# Chapter 2 Linear regression and high-dimensionality

In this chapter we will review multiple linear regression and in particular the Ordinary Least Squares (OLS) estimator. We will further investigate the challenges which appear in the high-dimensional setting where the number of covariates is large compared to the number of observations, i.e. \(p>>n\).

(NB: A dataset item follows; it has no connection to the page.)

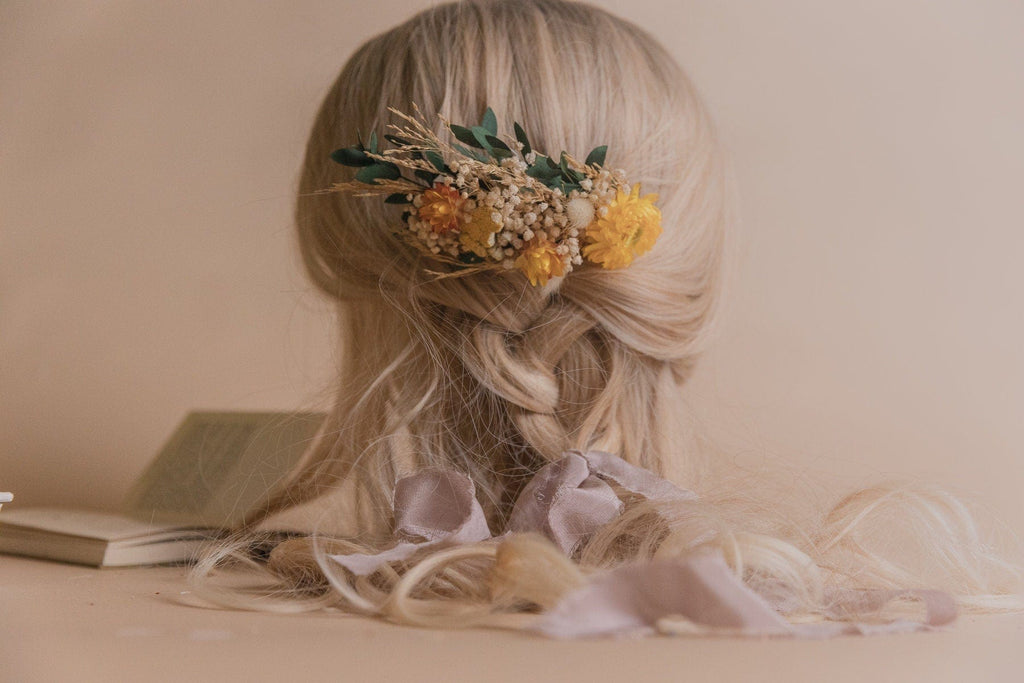hiddenbotanicsweddings Hair Combs Eucalyptus & Yellow Straw Flowers Hair Comb / Bridal Boho Wedding Comb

## 2.1 Remarks on notation

We will typically denote an input variable by the symbol \(X\). If \(X\) is a vector, its components can be accessed by subscripts \(X_j\). Quantative outputs will be denoted by \(Y\), and qualitative outputs by \(G\) (for group). We use uppercase letters such as \(X\), \(Y\) or \(G\) when referring to the generic aspects of a variable. Observed values are written in lowercase; hence \(i\)th observed value of \(X\) is written as \(x_i\) (where \(x_i\) is again a scalar or vector). Matrices are represented by bold uppercase letters; for example, a set of \(N\) input p-vectors \(x_i\), \(i=1,\ldots,N\) would be represented by the \(N\times p\) matrix \(\bf{X}\). All vectors are assumed to be column vectors, the \(i\)th row of \(\bf{X}\) is \(x_i^T\).

## 2.2 Linear regression and Least Squares

Given a vector of inputs \(X=(X_1,X_2,\ldots,X_p)\), in multivariate regression we predict the output \(Y\) via the linear model:

\[ \hat{Y}=\sum_{j=1}^{p}X_j\hat\beta_j.\]

The term \(\beta_0\) is the intercept. If we include the constant variable 1 in \(X\), include \(\hat\beta_0\) in the vector of coefficients \(\hat\beta\), then we can write

\[\hat{Y}=X^T\hat\beta.\]

How do we fit the linear model to a set of training data (i.e. how do we obtain the estimator \(\hat \beta\))? We typically use *ordinary least squares* (OLS) where we pick the coefficient \(\beta\) to minimize the residual sum of squares

\[\begin{align*} \rm{RSS}(\beta)&=\sum_{i=1}^{N}(y_i-x_i^T\beta)^2\\ &=(\bf y - \bf X \beta)^T (\bf y - \bf X \beta)\\ &=\|\bf y - \bf X \beta\|^2_2. \end{align*}\]

If the matrix \(\bf X^T \bf X\) is nonsingular, then the solution is given by

\[\hat\beta=(\bf X^T \bf X)^{-1}\bf X^T \bf y.\]

Thus, the prediction at the new input point \(X_{\rm new}\) is

\[\begin{align*} \hat{Y}&=\hat{f}(X_{\rm new})\\ &=X_{\rm new}^T\hat\beta\\ &=X_{\rm new}^T(\bf X^T \bf X)^{-1}\bf X^T \bf y.\\ \end{align*}\]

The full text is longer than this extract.